For a more in-depth implementation, we recommend this article by Datacamp. Once you're done, you can follow this guide to optimize your AI agents by replaying LLM Sessions.

Build Better AI Agents with Helicone ⚡️

Helicone reveals every critical decision point, tracks exactly where tokens are spent, and exposes performance bottlenecks other tools miss completely.

Pros and Cons of Agentic RAG

ProsCons
Better Multi-Step Retrieval
Breaks complex queries into smaller pieces, providing deeper coverage and better recall.
Increased Complexity
Coordinating agents and multiple retrieval steps adds overhead in design and maintenance.
Higher Accuracy for Tough Questions
Iterative logic manages hidden relationships more effectively.
Higher Token Usage
Each additional retrieval or reasoning step consumes more tokens, potentially driving up costs.
Enhanced Problem-Solving
Excels with multi-domain or multi-source queries requiring synthesis of varied data.
Greater Demands on LLMs
Often requires more capable models, which can raise expenses and limit available options.

Note: Agentic RAG is going to be more expensive than traditional RAG. To address the cost concerns:

  1. Implement aggressive caching - See our guide on effective caching strategies.
  2. Use cheaper models - Use cheaper models for routing decisions if you don't need the latest and greatest.
  3. Here are some more tips on how to monitor and optimize your LLM spending.

Conclusion

Agentic RAG is a big step forward in LLM application development. By combining traditional RAG's knowledge retrieval capabilities with AI agents' decision-making abilities, you can build systems that handle complex queries with higher accuracy and adaptability.

While still significantly more expensive than traditional RAG, the accuracy benefits are undeniable—at least to an extent. As models become cheaper to run, these systems will inevitably grow to see more adoption.

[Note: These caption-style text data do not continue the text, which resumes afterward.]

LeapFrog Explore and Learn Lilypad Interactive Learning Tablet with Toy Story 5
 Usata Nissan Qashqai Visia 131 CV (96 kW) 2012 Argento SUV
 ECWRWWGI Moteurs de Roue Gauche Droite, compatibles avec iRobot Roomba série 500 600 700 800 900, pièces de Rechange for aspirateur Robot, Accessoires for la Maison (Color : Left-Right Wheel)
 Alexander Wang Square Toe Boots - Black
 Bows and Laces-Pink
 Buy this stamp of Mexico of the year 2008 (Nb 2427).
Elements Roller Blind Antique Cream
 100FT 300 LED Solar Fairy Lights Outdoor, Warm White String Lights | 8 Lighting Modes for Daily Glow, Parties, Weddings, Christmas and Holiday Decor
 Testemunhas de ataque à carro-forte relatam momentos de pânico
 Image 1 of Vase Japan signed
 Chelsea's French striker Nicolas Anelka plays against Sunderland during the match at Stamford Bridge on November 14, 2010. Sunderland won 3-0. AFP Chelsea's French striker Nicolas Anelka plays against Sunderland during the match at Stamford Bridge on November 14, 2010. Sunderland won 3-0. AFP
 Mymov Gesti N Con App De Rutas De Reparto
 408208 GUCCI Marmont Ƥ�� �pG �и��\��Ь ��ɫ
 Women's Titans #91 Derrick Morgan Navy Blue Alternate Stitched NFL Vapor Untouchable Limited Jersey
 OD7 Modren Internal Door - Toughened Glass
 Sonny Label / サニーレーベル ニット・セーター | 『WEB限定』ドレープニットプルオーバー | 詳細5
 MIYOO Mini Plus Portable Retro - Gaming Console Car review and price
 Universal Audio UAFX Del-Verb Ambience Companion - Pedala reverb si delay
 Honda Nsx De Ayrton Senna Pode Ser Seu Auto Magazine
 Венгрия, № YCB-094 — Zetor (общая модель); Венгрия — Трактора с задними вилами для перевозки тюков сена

Happy building, and let us know how it goes!

You might also like

Frequently Asked Questions

What's the main difference between traditional RAG and Agentic RAG?

Traditional RAG follows a linear process: query → retrieve → generate. Agentic RAG adds autonomous decision-making agents that can choose between multiple retrieval strategies, evaluate the quality of retrieved information, and dynamically adjust their approach based on initial results. This makes Agentic RAG more flexible and capable of handling complex queries requiring multi-step reasoning.

Do I need specialized hardware to run Agentic RAG systems?

Not necessarily. While Agentic RAG systems typically require more computation than traditional RAG due to multiple LLM calls, most implementations can run on standard cloud infrastructure. The primary cost factor is increased token usage rather than hardware requirements. For production systems with high throughput, you may want to optimize by caching intermediate results and using Helicone's caching feature.

Which frameworks are best for implementing Agentic RAG?

Popular frameworks for Agentic RAG include LangChain with its robust agent workflow tools, AutoGen which excels at multi-agent systems, CrewAI that specializes in role-based agents, and LlamaIndex offering advanced data connectors. Your choice depends on your specific use case, existing infrastructure, and familiarity with the framework.

What metrics should I track when monitoring Agentic RAG?

Key metrics to monitor include token usage per agent and action type, latency across different workflow stages, success rates for various retrieval strategies, user satisfaction with responses, hallucination frequency, and cost per query type. Helicone automatically tracks many of these metrics and allows you to define custom properties for deeper analysis of your agent's performance.